When dealing with large datasets for machine learning, have you ever come across an address column that looks like this?
Location data can be very messy and difficult to process.
It is difficult to encode addresses, since they are of very high cardinality. If you try to encode a column like this with a technique like one-hot encoding, it will lead to high dimensionality, and your machine learning model might not perform well.
The easiest way to overcome this problem is to geocode these columns.
What is geocoding?
Geocoding is the process of converting addresses into geographical coordinates. This means that you'll be transforming raw addresses into latitude/longitude pairs.
Geocoding in Python
There are many different libraries available that can help you do this with Python.
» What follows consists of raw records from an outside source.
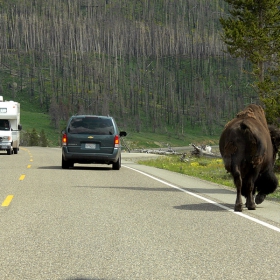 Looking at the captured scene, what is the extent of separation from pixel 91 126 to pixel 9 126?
16.1 metres

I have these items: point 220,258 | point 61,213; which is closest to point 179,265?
point 220,258

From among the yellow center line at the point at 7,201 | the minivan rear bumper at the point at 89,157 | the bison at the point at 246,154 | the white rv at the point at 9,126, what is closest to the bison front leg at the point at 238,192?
the bison at the point at 246,154

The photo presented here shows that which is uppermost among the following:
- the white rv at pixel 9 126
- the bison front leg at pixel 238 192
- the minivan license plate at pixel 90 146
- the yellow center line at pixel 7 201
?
the bison front leg at pixel 238 192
The fastest is the Google Maps API, which I recommend if you have more than 1000 addresses you need to convert in a short period of time.
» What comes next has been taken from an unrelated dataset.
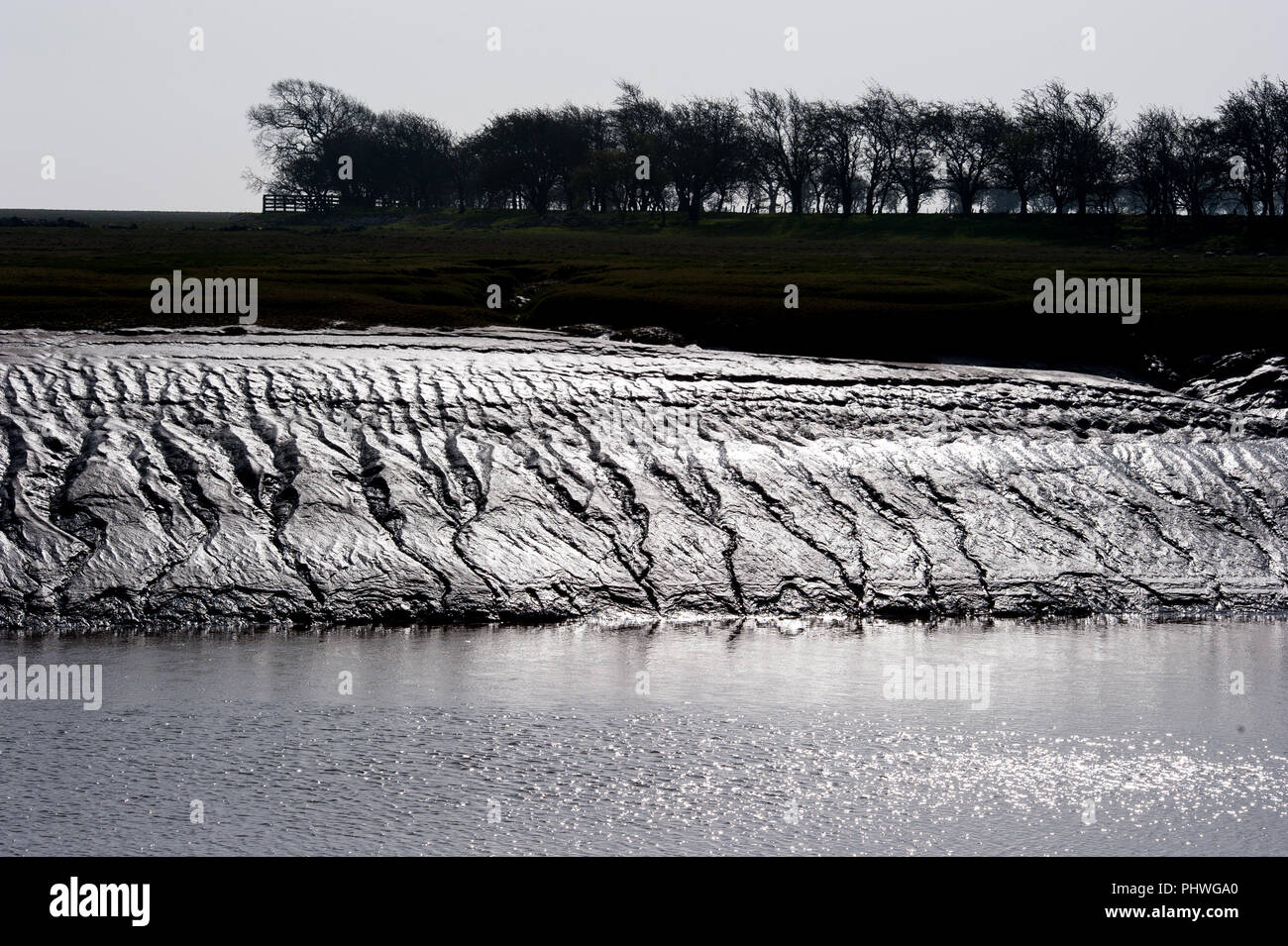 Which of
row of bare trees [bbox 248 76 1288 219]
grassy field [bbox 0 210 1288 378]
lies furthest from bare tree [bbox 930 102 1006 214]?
grassy field [bbox 0 210 1288 378]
However, the Google Maps API isn't free. You will need to pay around $5 per 1000 request.
A free alternative to the Google Maps API is the OpenStreetMap API. However, the OpenStreetMap API is a lot slower, and also slightly less accurate.
In this article, I will walk you through the geocoding process with these two APIs.
Method 1: Google Maps API
Lets first use the Google Maps API to convert addresses into lat/long pairs. You will first need to create a Google Cloud account to do this, and enter your credit card information.
Although this is a paid service, Google gives you $200 in free credit when you first create a Google Cloud account. This means that you can make around 40,000 calls with their geocoding API before you get charged for it. As long as you don't hit this limit, your account will not be charged.
Once you've received you API key, you can start coding!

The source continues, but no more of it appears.